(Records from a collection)
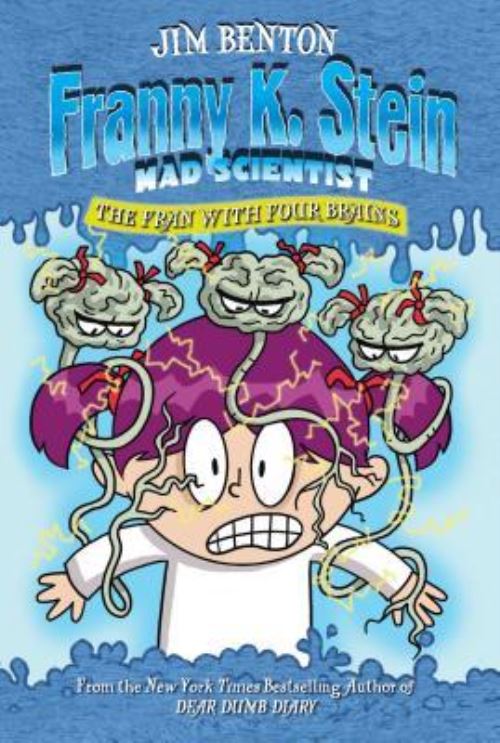 The Fran With Four Brains
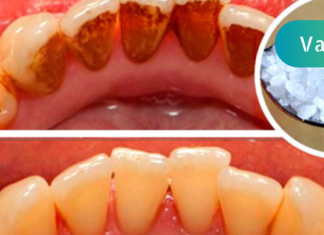 ეს საშუალება ძალიან გაყვითლებულ კბილებსაც გაათეთრებს და კბილის ქვას მოგაშორებთ. შესანიშნავი ეფექტი აქვს!!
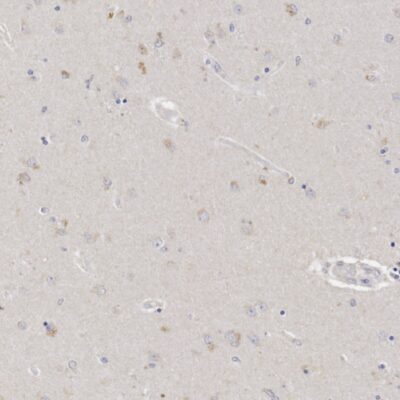 IHC validation of 3-HydroxyAnthranilic acid antibody in human brain tissue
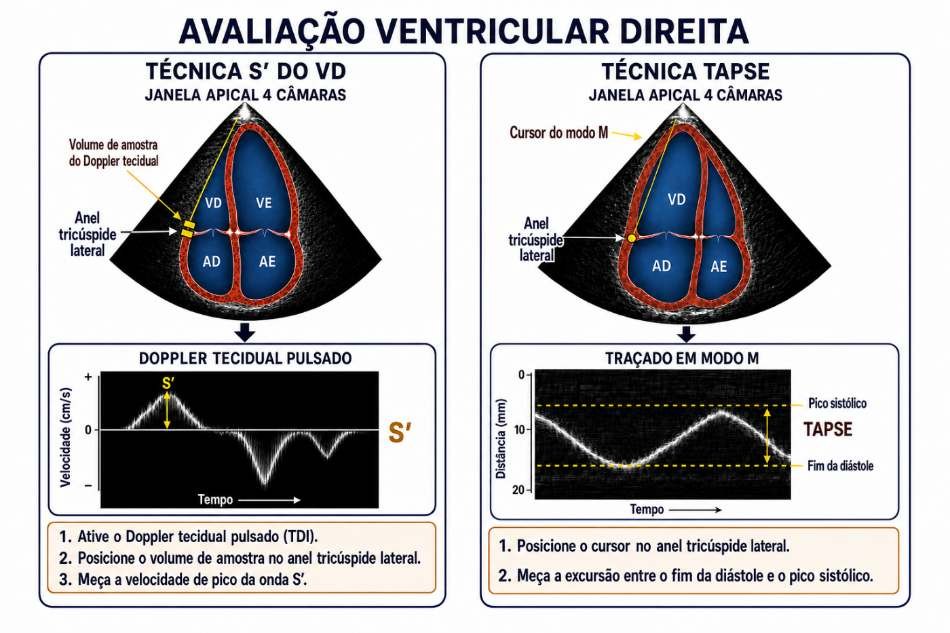 Técnicas S’ e TAPSE na avaliação ventricular direita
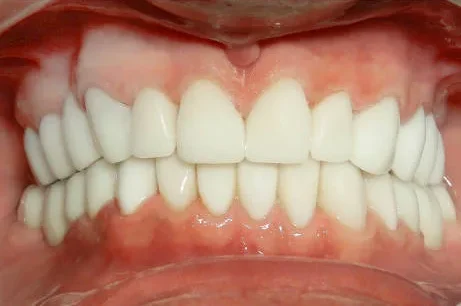Before and after dental transformation showing missing teeth replaced with dental implants for a natural smile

▶ TASK REQUIREMENTS:
Output nothing except the lines from the one containing "ეს საშუალება ძალიან" through the final line of the entries, repeated exactly and free of pictures.

▶ THE COMPLETED TASK:
 ეს საშუალება ძალიან გაყვითლებულ კბილებსაც გაათეთრებს და კბილის ქვას მოგაშორებთ. შესანიშნავი ეფექტი აქვს!!
 IHC validation of 3-HydroxyAnthranilic acid antibody in human brain tissue
 Técnicas S’ e TAPSE na avaliação ventricular direita
Before and after dental transformation showing missing teeth replaced with dental implants for a natural smile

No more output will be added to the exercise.